COLORADO —Aug. 5, U.S. Drought Monitor reported 100 percent of the state abnormally dry or in extreme drought conditions for the first time in eight years consistent with a broader transformation of the Southwest amid climate warming. A combination in Colorado of paltry spring snow, warmer temperatures that triggered earlier melting of winter mountain snowpack, feeble rain through summer, and parched soil from previous dry years led to this formal label.


It’s the fourth time in two decades — following 2002, 2006 and 2012 — that all of Colorado was designated as abnormally dry or in a drought.


Hardest hit so far are farmers and ranchers in the Colorado River Basin and the Rio Grande River Basin as water flows, from tributary streams down to main streams diminish.  August 12 the Rio Grande River was flowing at 203 CFS which is 600 CFS below the 121 year average.


“These drought conditions we’ve had to live with since 2002 in the Rio Grande Basin, more often than not, the years are average or below average. We have this unique underground aquifer that helps us bridge some of the gaps. But the gaps are so big, and we have stressed the aquifer probably beyond its capacity,” said Rio Grande Water Conservation District Manager Cleave Simpson, an alfalfa grower in the San Luis Valley, where farmers have been trying to reduce groundwater pumping for eight years.


“We will lose ground this summer. We’ve got to figure out how to farm with less water, or farm less acres,” Simpson said. “You hear about people selling cows. You just feel it. I mean, in Alamosa, 11 out of 13 days in a row were record highs for us — just bizarre. And in one day in June — in 12 hours —we set both a record low and a record high.”


Colorado mountain snowpack, near normal April 1 and once a predictor of sufficient water through fall, may not be as reliable. Now in the West “things can change quickly,” U.S. Department of Agriculture snow survey director Brian Domonkos said. “This week’s U.S. Drought Monitor assessment designated all of Colorado, and much of the West, in some stage of drought, which can trigger federal payments for agricultural producers. It shows most of southern Colorado in extreme drought, much of the rest of the state including the northeastern plains in severe drought, with moderate drought elsewhere and a few patches of western Colorado abnormally dry.


During those decades, people across the Southwest have endured hotter, drier conditions that scientists link to climate change caused by burning fossil fuels. Some scientists compare the shift to aridity to historic “mega-droughts” confirmed in tree-ring and other studies that show periodic shifts over the past 1,200 years to hot-and-dry conditions lasting 40 years or longer. It means shriveling crops and dying forests primed to burn, often uncontrollably due to past suppression of wildfires. It means shrinking water flows in streams and rivers. It means people in crowded cities competing for shady open space.

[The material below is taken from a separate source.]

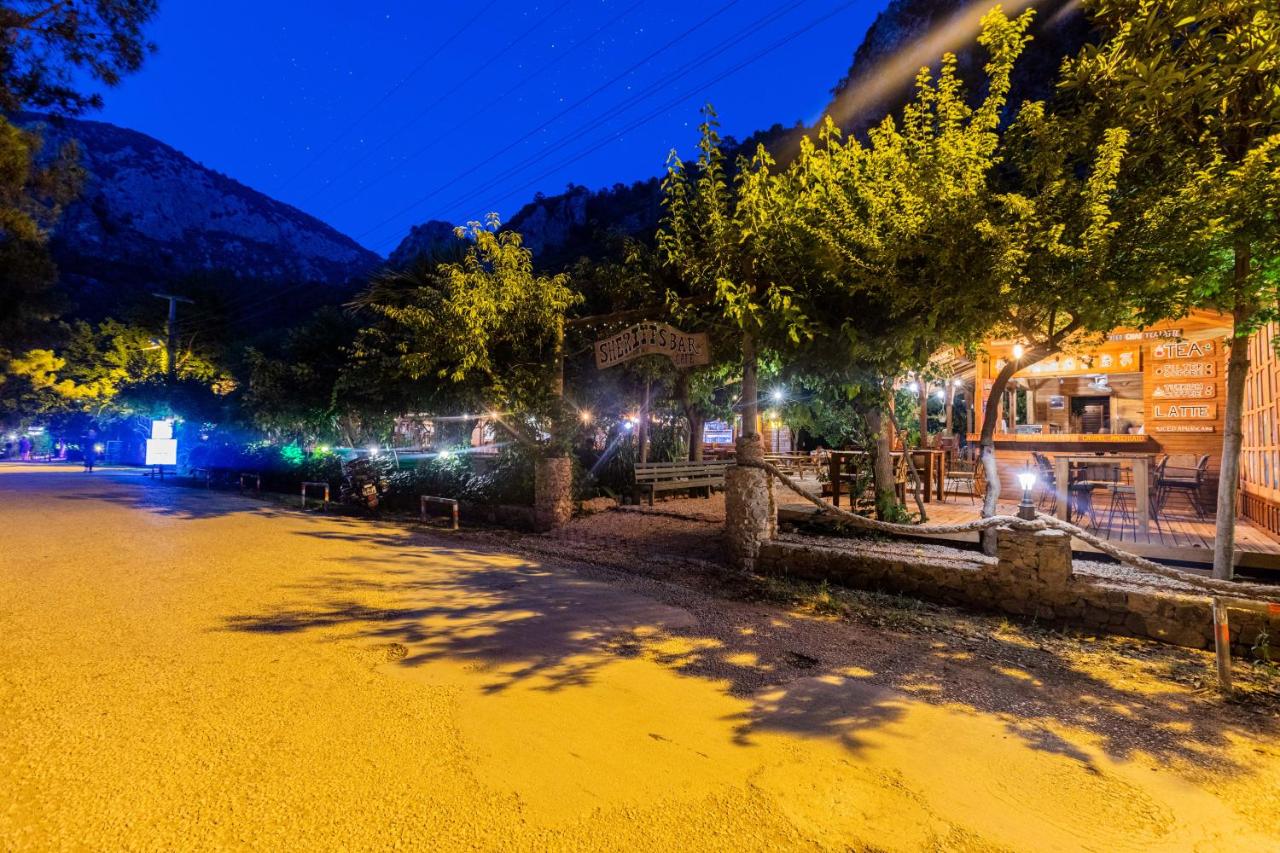 Sheriff, Olympos - B&B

Gov. Jared Polis has activated Colorado’s traditional “drought plan” to track impacts, save water, coordinate local responses and help hard-hit farmers.

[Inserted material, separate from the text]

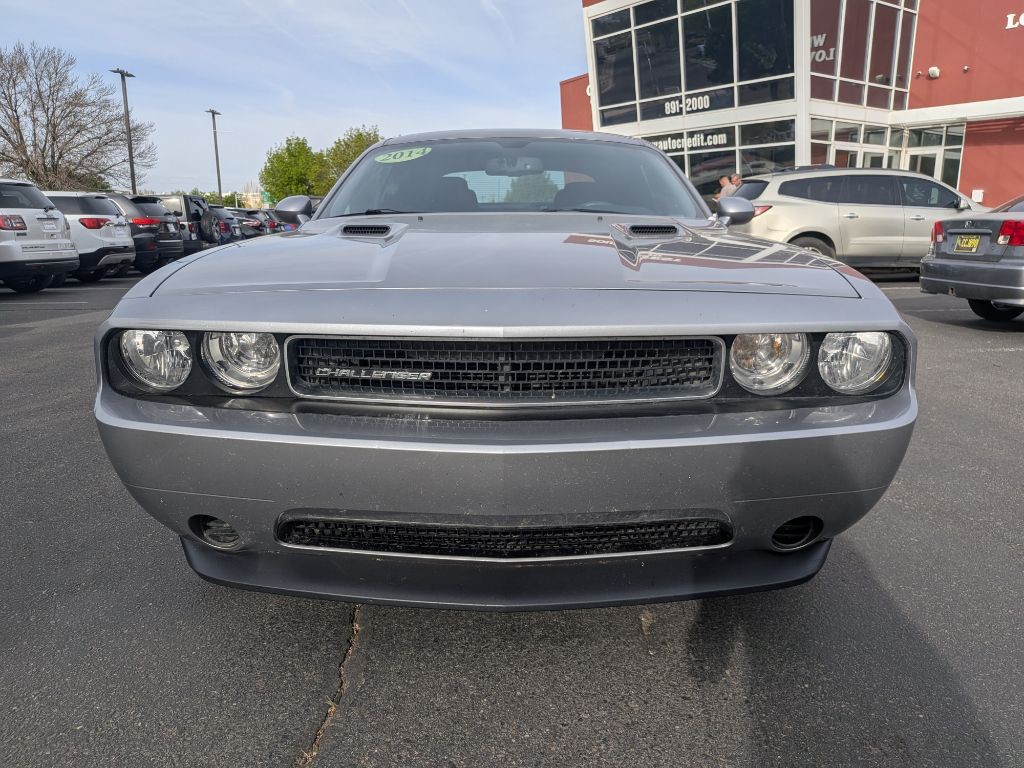2014 Dodge Challenger Image 8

“We take it seriously,” said Conor Cahill, Polis’s press secretary. “Our goal is to work with our federal partners to get assistance and resources to impacted communities.”


But the increasingly hot and relatively rainless conditions over the past six weeks are bolstering an emerging consensus among climate scientists that, beyond a temporary drought with an end, Colorado and much of the West are mired in a multi-decade shift.

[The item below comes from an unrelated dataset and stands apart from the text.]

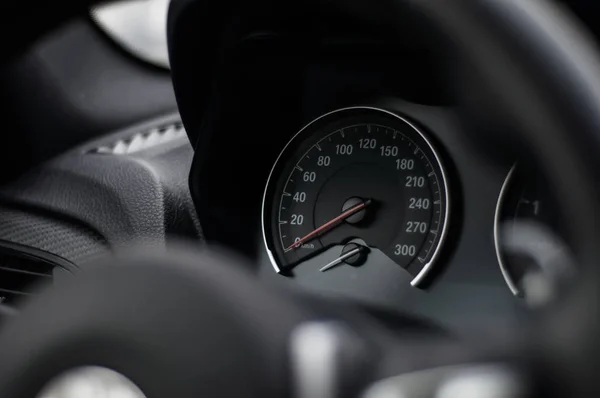 Rusya, Moskova - 24 Eylül 2016. BMW M2 spor otomobil performansını Pack, iç görünüm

“We know that temperatures in Colorado and the world will continue to increase so long as we emit vast quantities of greenhouse gases into the atmosphere every year,” said Colorado State University water center senior scientist Brad Udall,  who has researched a 13 percent depletion of Colorado River water and refers to “aridification” because “drought” implies an eventual return to normal.


“Temperatures, for hundreds of years, are not going to return to 20th century averages. We need to be thinking in terms of more frequent periods of very hot and dry — unlike anything we’ve experienced before,” Udall said.


The hot and dry conditions have caused “reduced wheat yields this summer, reduced pasture forage and probably reduced corn yields as well,” said Peter Goble, climate and drought specialist in the state’s climatology office.


“The Eastern Plains of Colorado missed out on timely rains in May and June. It was a punch in the gut for farmers and ranchers at the worst time of the year. In recent weeks, this has spread to the Front Range urban corridor. We haven’t had any good, statewide, drought-busting rains for a long time,” Goble said. “Our temperatures are warming without an increase in precipitation to counteract that. Soil moisture available to crops, grasses, trees and other plants is dried up more quickly,” he said. “Given the warming temperatures, we need to be prepared as a state.”